The Journal of Clinical Endocrinology & Metabolism ( IF 5.8 ) Pub Date : 2023-10-18 , DOI: 10.1210/clinem/dgad260
Qin Zhang 1 , Xiaojuan Jiao 1 , Xiaoyang Lai 1
Affiliation  

CONTEXT Explore the clinical characteristics and influencing factors of immune thyroid dysfunction (ITD) caused by immune checkpoint inhibitors (ICIs) in the treatment of malignant tumors.

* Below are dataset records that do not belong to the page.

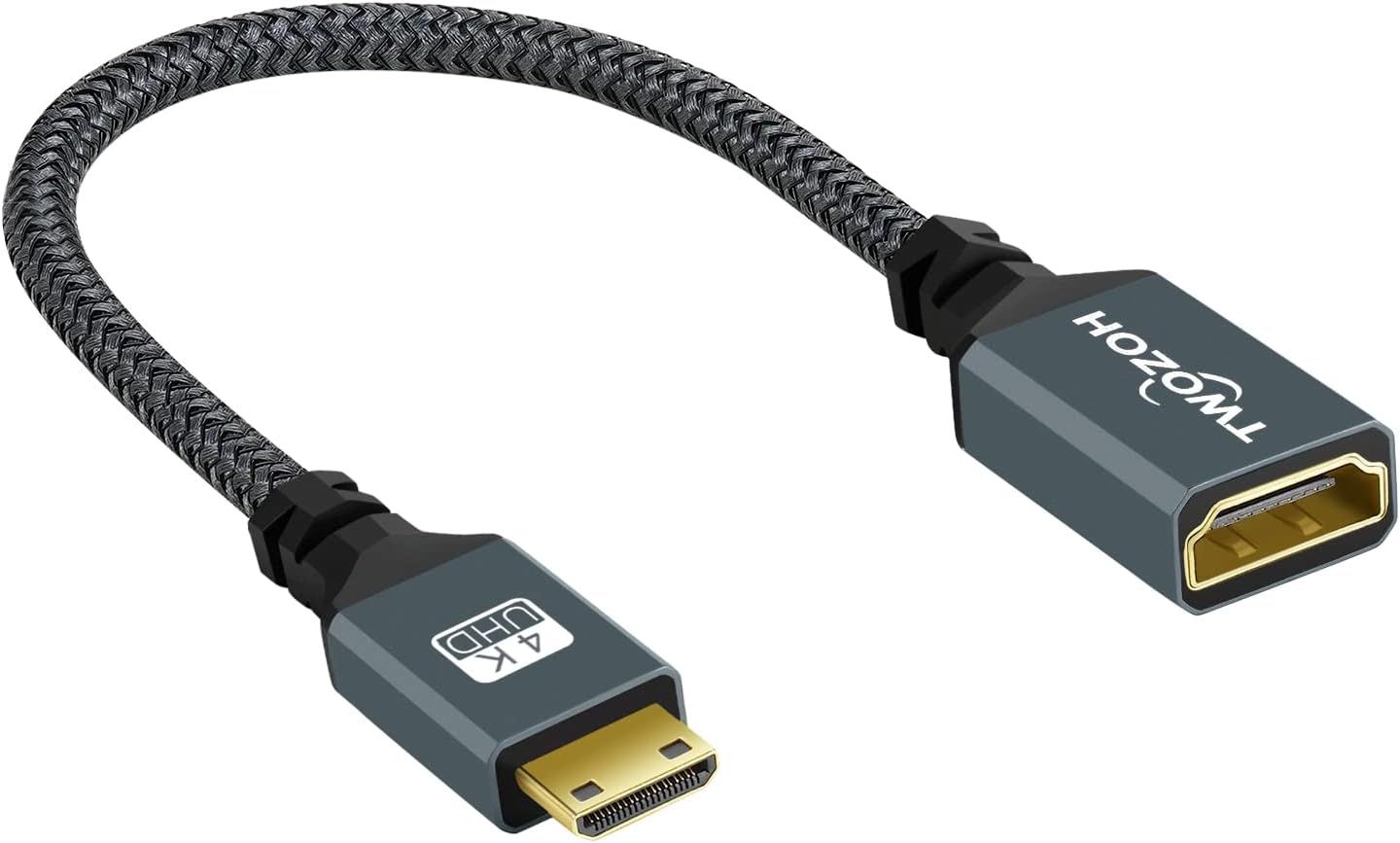 MEVRONISSHOP Mini HDMI Male to HDMI Female Adapter, Supports 3D 4K 1080p (20CM)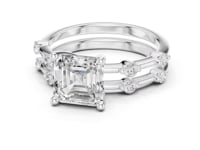 Asscher Spaced Accent Bridal Set - White Gold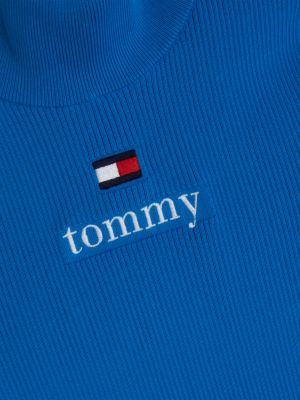 crop top a coste con collo a lupetto blue da donna tommy jeans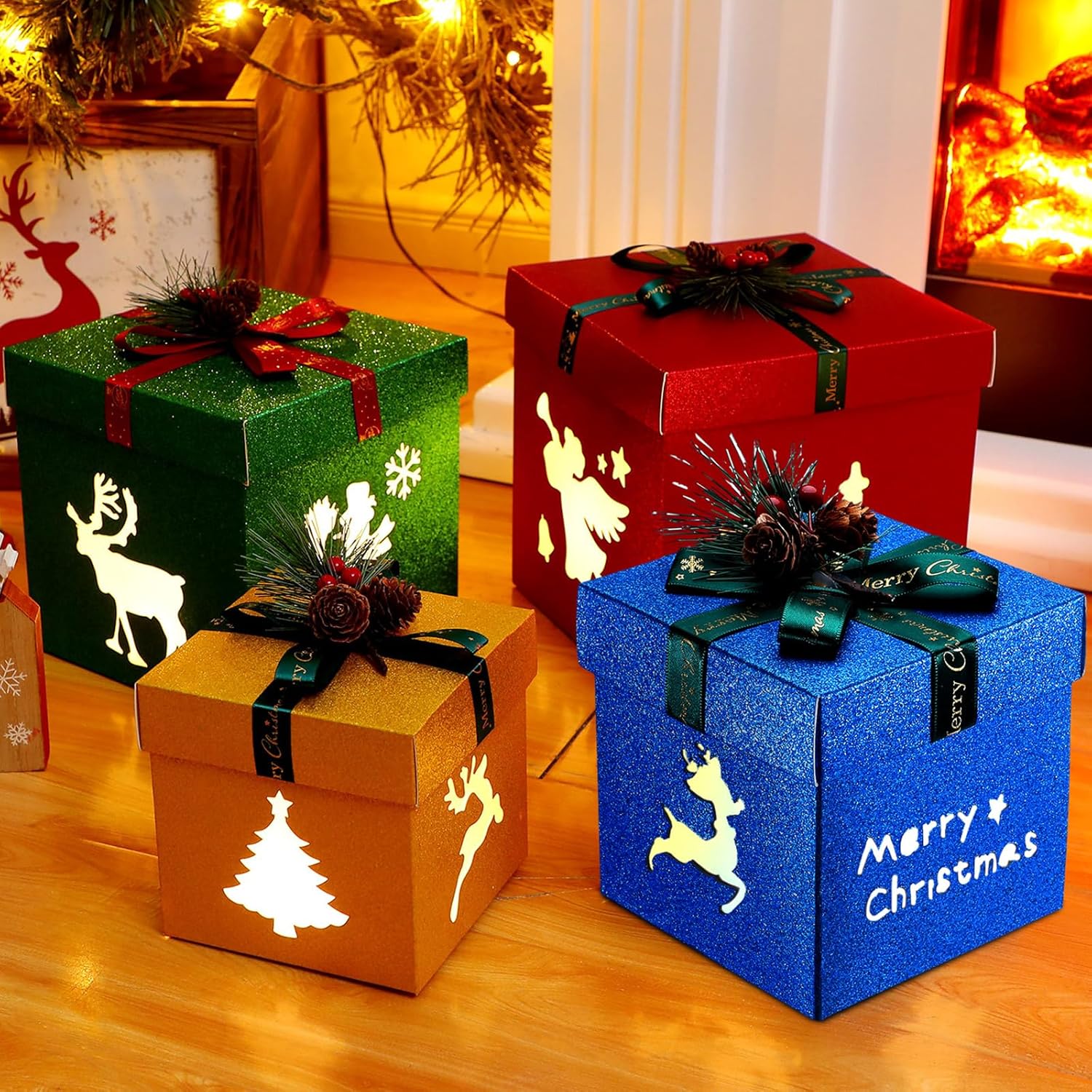 Cholemy 4 Pcs Christmas Lighted Gift Boxes 80 LED Light up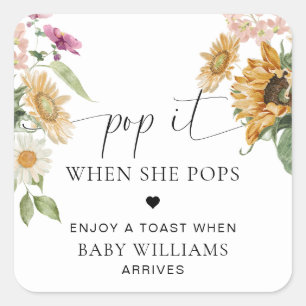 Mews Zonnebloem Herfst Herfst Baby shower Pop Het Vierkante Sticker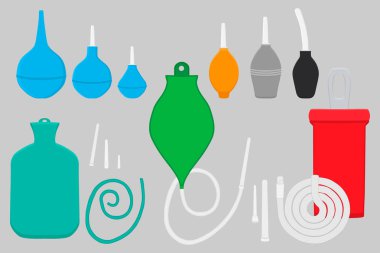 Illustration on theme big colored set different types enemas of different size for hospital. Enema pattern consisting from collection quality control hospital. Rubber enema in hospital to analysis. clipart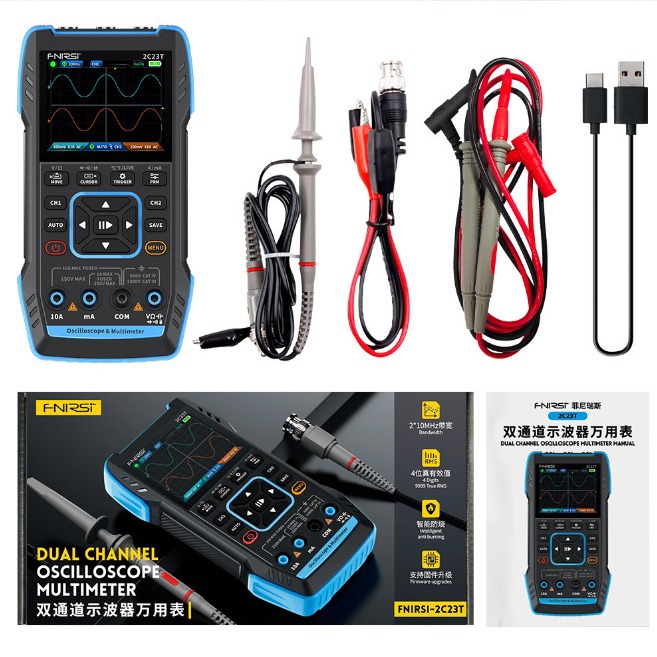 FNIRSI 2C23T handheld digital oscilloscope multimeter three-in-one dual channel oscilloscope signal generation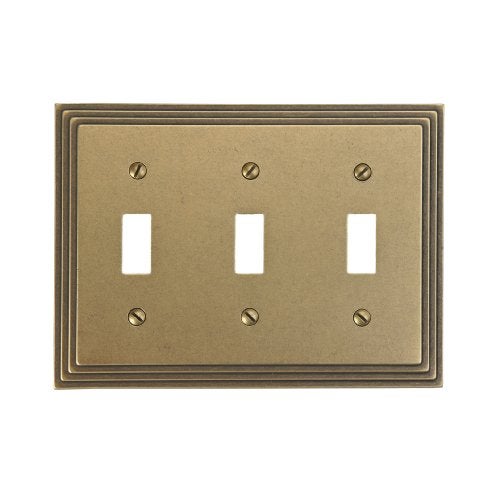AMERELLE 84TTTRB Steps Triple Toggle Cast Metal Wallplate in Rustic Brass - Image 1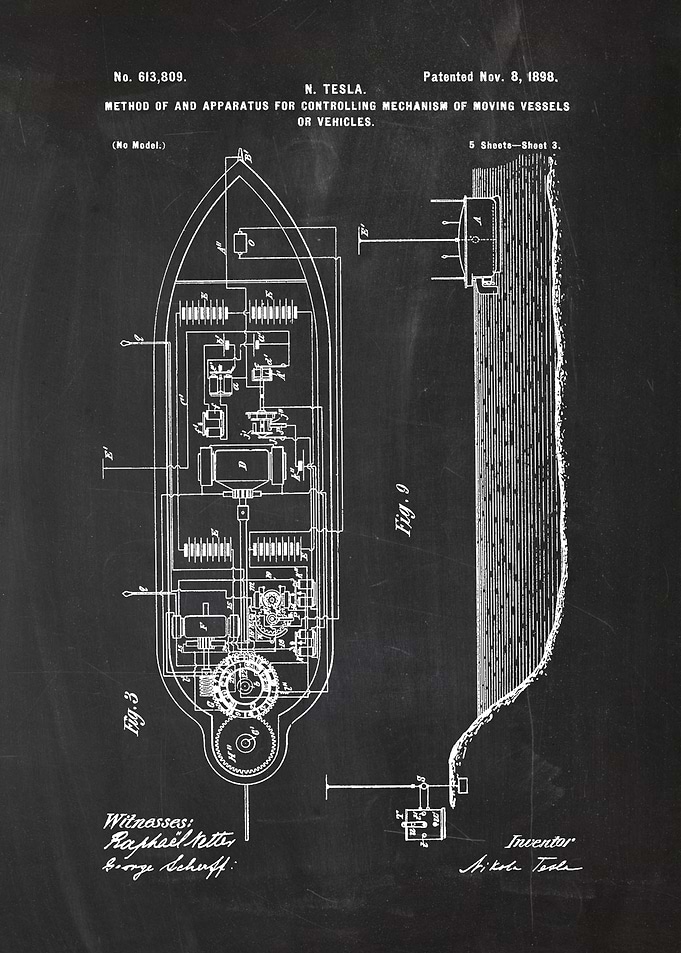 1898 N.Tesla Apparatus for Vessels -Patent Drawing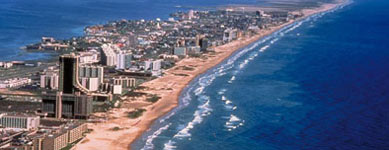 Aerial view of South Padre Island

METHODS This was a retrospective study of cancer patients treated with ICIs between January 2019 and December 2021 at the Second Affiliated Hospital of Nanchang University. According to the occurrence of thyroid dysfunction, patients were divided into an ITD group and non-ITD group. We describe the clinical characteristics, autoantibody levels, and their impact on prognosis of patients with ICI-related ITD. RESULT A total of 560 cases meeting the criteria were included, with a median follow-up time of 11.0 months. The incidence of ITD was 50.7%. Baseline TSH levels (OR, 1.935/mcIU/L; 95% CI, 1.613-2.321; P < .001) and combination targeted therapy (OR, 2.101; 95% CI, 1.433-3.079; P < .001) were most strongly associated with the occurrence of ITD. The median time to ITD in patients receiving medication with ICIs was 73 (34.5-149) days. Of the 87 patients initially diagnosed with hyperthyroid ITD, 46 (52.9%) progressed to hypothyroidism over the course of the disease. Baseline anti-thyroglobulin antibody abnormalities were strongly associated with the occurrence of ITD (OR, 67.393; 95% CI, 5.637-805.656; P = .001). Overall survival was significantly lower in patients who did not develop ITD than in those who did (hazard ratio, 0.523; 95% CI, 0.599-0.97; P < .001). CONCLUSION The incidence of ICI-related ITD is high, and the course of the disease is rapidly changing, and thyroid function in patients treated with immunotherapy should be monitored to detect ITD and permit early intervention.

中文翻译:

免疫检查点抑制剂相关甲状腺功能障碍的临床特征及影响因素。

背景探讨免疫检查点抑制剂(ICIs)治疗恶性肿瘤引起免疫性甲状腺功能障碍(ITD)的临床特点及影响因素。方法这是对2019年1月至2021年12月在南昌大学第二附属医院接受ICIs治疗的癌症患者的回顾性研究。根据甲状腺功能障碍的发生情况将患者分为ITD组和非ITD组。我们描述了 ICI 相关 ITD 患者的临床特征、自身抗体水平及其对预后的影响。结果共纳入符合标准的病例560例,中位随访时间11.0个月。ITD的发生率为50.7%。基线 TSH 水平(OR,1.935/mcIU/L;95% CI,1.613-2.321;P < .001)和联合靶向治疗(OR,2.101;95% CI,1.433-3.079;P < .001)最强与ITD的发生有关。接受 ICI 治疗的患者达到 ITD 的中位时间为 73 (34.5-149) 天。在最初诊断为甲状腺功能亢进 ITD 的 87 名患者中,46 名 (52.9%) 在病程中进展为甲状腺功能减退症。基线抗甲状腺球蛋白抗体异常与 ITD 的发生密切相关(OR,67.393;95% CI,5.637-805.656;P = .001)。未发生 ITD 的患者的总生存率显着低于发生 ITD 的患者(风险比,0.523;95% CI,0.599-0.97;P < .001)。结论 ICI相关ITD发生率高,病程变化快,免疫治疗患者应监测甲状腺功能,及时发现ITD并早期干预。